# Exercise aim
Restate exactly the lines below, from the one containing "How to install" through the final line, and leave out the pictures.

++++

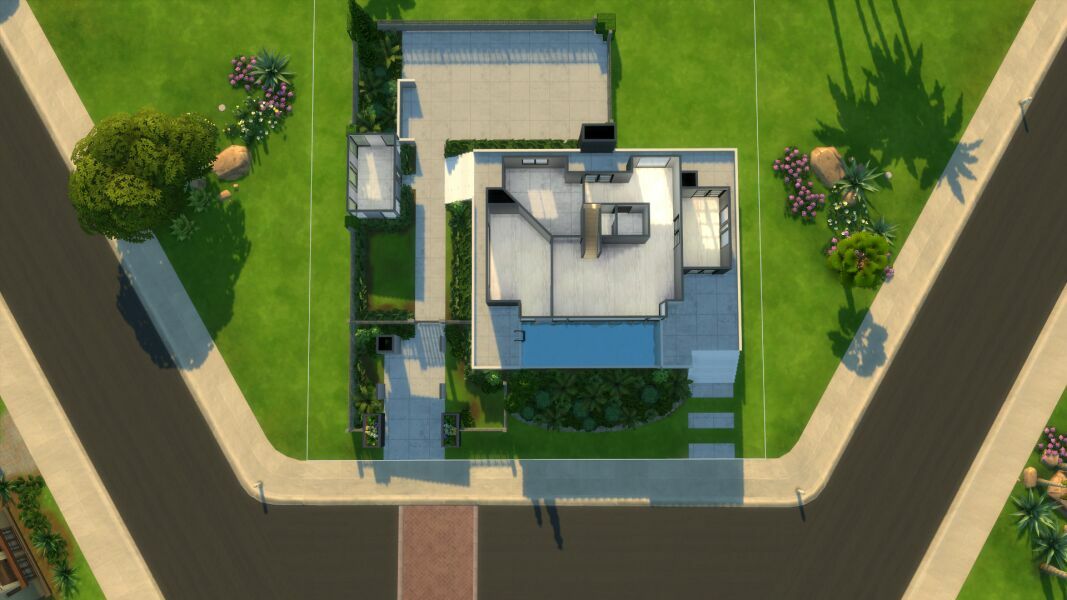 sims 4 cc desert modern home shell 3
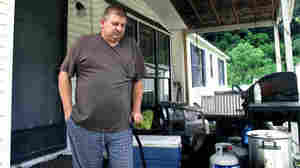 The injuries Jack Blankenship sustained after a 300-pound rock pinned him to the ground while working in a coal mine prevent him from sitting for long periods of time or walking far. He says he's in constant pain.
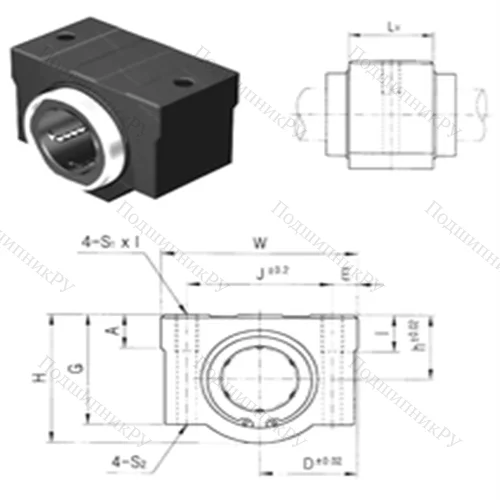 Подшипник шариковый линейный SC 10V-B от производителя  Samick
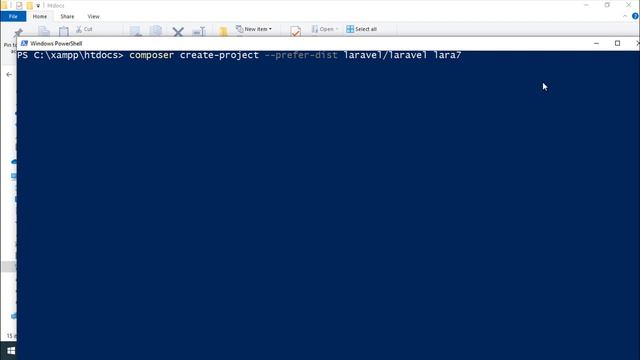 How to install Laravel 7 in your Computer or Laptop?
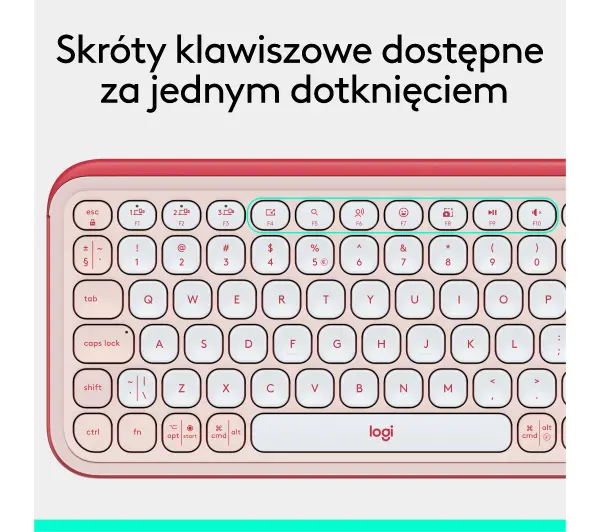 Logitech POP Icon Keys Różowy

++++

# Expected answer
 How to install Laravel 7 in your Computer or Laptop?
 Logitech POP Icon Keys Różowy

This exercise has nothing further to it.